• _Exercise description_
Starting with the opening line of the material, restate every line word for word, and end on the line containing "Stenhouse Publishers (@stenhousepub)".

____________________

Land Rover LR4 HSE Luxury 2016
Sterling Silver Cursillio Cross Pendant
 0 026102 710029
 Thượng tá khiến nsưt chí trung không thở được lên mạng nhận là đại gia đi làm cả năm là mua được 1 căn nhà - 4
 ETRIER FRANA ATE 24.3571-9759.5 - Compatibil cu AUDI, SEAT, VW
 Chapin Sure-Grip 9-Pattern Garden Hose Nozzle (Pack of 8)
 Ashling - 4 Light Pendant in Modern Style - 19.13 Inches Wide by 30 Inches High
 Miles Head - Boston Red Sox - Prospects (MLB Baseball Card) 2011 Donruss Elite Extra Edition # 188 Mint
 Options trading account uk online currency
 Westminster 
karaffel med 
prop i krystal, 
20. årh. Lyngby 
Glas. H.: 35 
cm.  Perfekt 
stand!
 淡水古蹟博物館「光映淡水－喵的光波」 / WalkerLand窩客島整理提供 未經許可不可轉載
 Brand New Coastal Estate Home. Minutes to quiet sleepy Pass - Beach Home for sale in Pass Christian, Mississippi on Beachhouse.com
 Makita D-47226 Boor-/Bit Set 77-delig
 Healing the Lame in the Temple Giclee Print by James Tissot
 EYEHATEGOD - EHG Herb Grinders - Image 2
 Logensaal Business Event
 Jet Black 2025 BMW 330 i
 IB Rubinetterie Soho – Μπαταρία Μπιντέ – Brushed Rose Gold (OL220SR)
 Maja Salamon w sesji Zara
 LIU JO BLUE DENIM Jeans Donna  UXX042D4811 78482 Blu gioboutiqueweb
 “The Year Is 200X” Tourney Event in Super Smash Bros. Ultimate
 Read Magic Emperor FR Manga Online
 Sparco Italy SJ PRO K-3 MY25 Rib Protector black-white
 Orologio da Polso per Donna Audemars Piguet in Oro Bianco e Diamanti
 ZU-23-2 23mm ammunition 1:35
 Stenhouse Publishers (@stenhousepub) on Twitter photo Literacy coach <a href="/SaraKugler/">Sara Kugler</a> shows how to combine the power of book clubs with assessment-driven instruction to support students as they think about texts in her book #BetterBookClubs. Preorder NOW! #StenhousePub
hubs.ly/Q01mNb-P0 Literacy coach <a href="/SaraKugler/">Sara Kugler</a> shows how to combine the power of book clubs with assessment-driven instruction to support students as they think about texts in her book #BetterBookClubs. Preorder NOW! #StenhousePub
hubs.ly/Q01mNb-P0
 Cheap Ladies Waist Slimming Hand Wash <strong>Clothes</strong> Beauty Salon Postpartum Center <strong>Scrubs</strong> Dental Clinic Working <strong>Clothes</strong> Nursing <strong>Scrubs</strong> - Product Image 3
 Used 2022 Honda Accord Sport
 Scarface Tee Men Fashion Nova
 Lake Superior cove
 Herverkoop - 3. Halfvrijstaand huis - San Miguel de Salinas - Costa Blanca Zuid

____________________

• _Task response_
Land Rover LR4 HSE Luxury 2016
Sterling Silver Cursillio Cross Pendant
 0 026102 710029
 Thượng tá khiến nsưt chí trung không thở được lên mạng nhận là đại gia đi làm cả năm là mua được 1 căn nhà - 4
 ETRIER FRANA ATE 24.3571-9759.5 - Compatibil cu AUDI, SEAT, VW
 Chapin Sure-Grip 9-Pattern Garden Hose Nozzle (Pack of 8)
 Ashling - 4 Light Pendant in Modern Style - 19.13 Inches Wide by 30 Inches High
 Miles Head - Boston Red Sox - Prospects (MLB Baseball Card) 2011 Donruss Elite Extra Edition # 188 Mint
 Options trading account uk online currency
 Westminster 
karaffel med 
prop i krystal, 
20. årh. Lyngby 
Glas. H.: 35 
cm.  Perfekt 
stand!
 淡水古蹟博物館「光映淡水－喵的光波」 / WalkerLand窩客島整理提供 未經許可不可轉載
 Brand New Coastal Estate Home. Minutes to quiet sleepy Pass - Beach Home for sale in Pass Christian, Mississippi on Beachhouse.com
 Makita D-47226 Boor-/Bit Set 77-delig
 Healing the Lame in the Temple Giclee Print by James Tissot
 EYEHATEGOD - EHG Herb Grinders - Image 2
 Logensaal Business Event
 Jet Black 2025 BMW 330 i
 IB Rubinetterie Soho – Μπαταρία Μπιντέ – Brushed Rose Gold (OL220SR)
 Maja Salamon w sesji Zara
 LIU JO BLUE DENIM Jeans Donna  UXX042D4811 78482 Blu gioboutiqueweb
 “The Year Is 200X” Tourney Event in Super Smash Bros. Ultimate
 Read Magic Emperor FR Manga Online
 Sparco Italy SJ PRO K-3 MY25 Rib Protector black-white
 Orologio da Polso per Donna Audemars Piguet in Oro Bianco e Diamanti
 ZU-23-2 23mm ammunition 1:35
 Stenhouse Publishers (@stenhousepub) on Twitter photo Literacy coach <a href="/SaraKugler/">Sara Kugler</a> shows how to combine the power of book clubs with assessment-driven instruction to support students as they think about texts in her book #BetterBookClubs. Preorder NOW! #StenhousePub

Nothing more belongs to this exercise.